Last modified on 29 November 2014, at 18:35

J. M. DeMatteis

The impossible isn't a limitation, it's an invitation.

John Marc DeMatteis (born 15 December 1953) is an American writer of comic books.

See also: Mercy (1993)

QuotesEdit

Any time any of us reaches out, any time we pour even a drop of love, compassion, simple human decency (no matter how small; how seemingly insignificant) into the sea of earthly existence — we are, each and every one of us — the being called Mercy.
  • I understand the most profound and simplest Truth of all: Any time any of us reaches out, any time we pour even a drop of love, compassion, simple human decency (no matter how small; how seemingly insignificant) into the sea of earthly existence — we are, each and every one of us — the being called Mercy.

A Conversation With The Legendary J.M. DeMatteis! (2004)Edit

Interview at TheComicFanatic.com (9 December 2004)
  • As I’ve mentioned elsewhere, I’m a Total Disnoid. Walt Disney is one of my heroes: it’s extraordinary what one man, armed only with will and imagination, accomplished. To be a part of that history, that legacy — in any small way — is really an honor.
  • I love kids’ fantasy...everything from L. Frank Baum to A. A. Milne … Narnia to Wonderland to Neverland. These are magical stories that nurtured me as a child and then nurtured my own children, as well. What better legacy could a writer have than to continue that wonderful tradition of imagination and insight and adventure? Comics, of course, pretty much ignore the children’s market. I’ve been obsessed, for years now, with doing some projects that could bring that level of imagination and literary and artistic quality to the comic book form.
  • I’ve realized over the years that, with rare exceptions, most writer’s block isn’t writer’s block at all: It’s necessary time that allows the unconscious mind to do its deep work.
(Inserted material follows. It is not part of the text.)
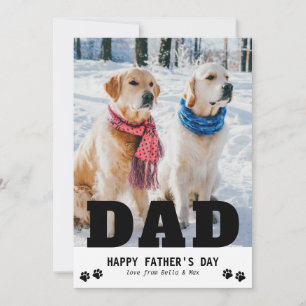 Dog Dad Happy Father's Day Paw Print Modern Photo Holiday Card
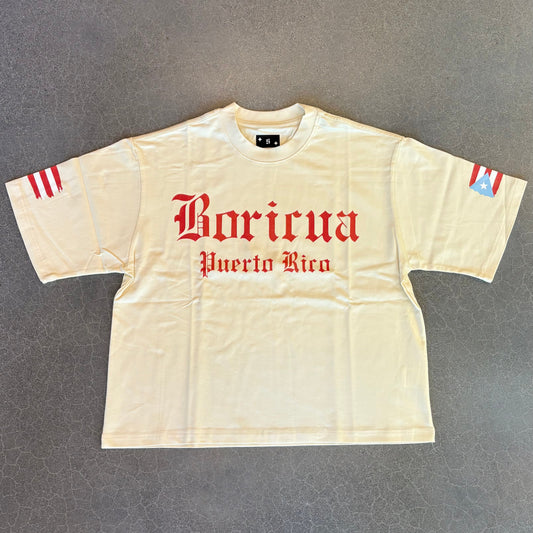 Boricua 787 Tee - Cream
The great “Ah-Ha!” moments don’t usually come at the keyboard. They come when I’m lying on the floor, staring into space (or banging my head against the wall in frustration). All of a sudden the Unconscious Camera turns on, a movie starts playing in my head-and there it is: The Big Moment. Or the Whole Damn Story. And, in many ways, I had nothing whatsoever to do with it.
  • Follow your heart, follow your dreams. If writing is your passion, put everything you have into it. Let that passion, that joy, lead you. In the end it might not lead you to exactly the place you thought you were heading...but it will absolutely lead you someplace wonderful. And don’t let the Nay-Sayers, the Practical People, stop you or wear you down. Follow your dreams...and you can’t go wrong.

J.M. DeMatteis's CREATION POINT (2009 - present)Edit

We’re not really the authors of our work: we’re channels, tuning into another frequency, another dimension, and bringing that information down into the physical world...
In the end, it doesn’t matter whether the transmission is instant or unfolds slowly, it’s the opening up that’s so magical.
Personal blog at J.M. DeMatteis's CREATION POINT
  • The impossible isn't a limitation, it's an invitation.
    • Motto
  • I've been blogging — however irregularly — over at Amazon.com for a few years now, but I've always felt that arena was for the "official" JMD. It was as if I was standing in the aisle of a book store, greeting potential readers: sharing my thoughts, certainly — but also trying to get them interested in my wares. I'm hoping that this blog will be more like a living room: a little more casual and personal. A place where I can talk about, well, anything that comes to mind, from the trivial to the profound. And I hope to do it at least once a week. (I'll wait a moment for the laughter to die down.)
  • We’re not really the authors of our work: we’re channels, tuning into another frequency, another dimension, and bringing that information down into the physical world, where — using the tools, the talents and perspectives that are uniquely ours — we transcribe and embellish that information, transforming it into that wonderful creature called a Story.
    In the end, it doesn’t matter whether the transmission is instant or unfolds slowly, it’s the opening up that’s so magical. That moment of realizing that you’re connected to something so much bigger than yourself. I remember, years ago, when I was just beginning work on Moonshadow, standing in the shower — mouth open, eyes glazed, still as a statue — watching the ending of the series play out on the movie screen of my psyche. Make no mistake: I didn’t create the scene, I just witnessed and transcribed it.
  • I seriously considered putting Nine Lives aside (I no longer feel compelled, as I did when I was younger, to finish every book I start). I’m happy I stuck with it: as I continued reading, the lives chronicled — in clear, compassionate prose — became more and more fascinating, and, on occasion, heartbreaking: The collision between ancient and modern culture in India threatens to wipe away traditions that have gone on, uninterrupted, for thousands of years and most of Dalrymple’s seekers struggle with that knowledge in some way. There’s a lovely chapter about a Sufi devotee in southern Pakistan — she’s known as the Red Fairy — that illuminates the lyrical, mystical side of Islam. Considering the current mood in the United States, it should be compulsory reading for every American who thinks the Taliban and Al-Qaeda represent the totality of Muslim life.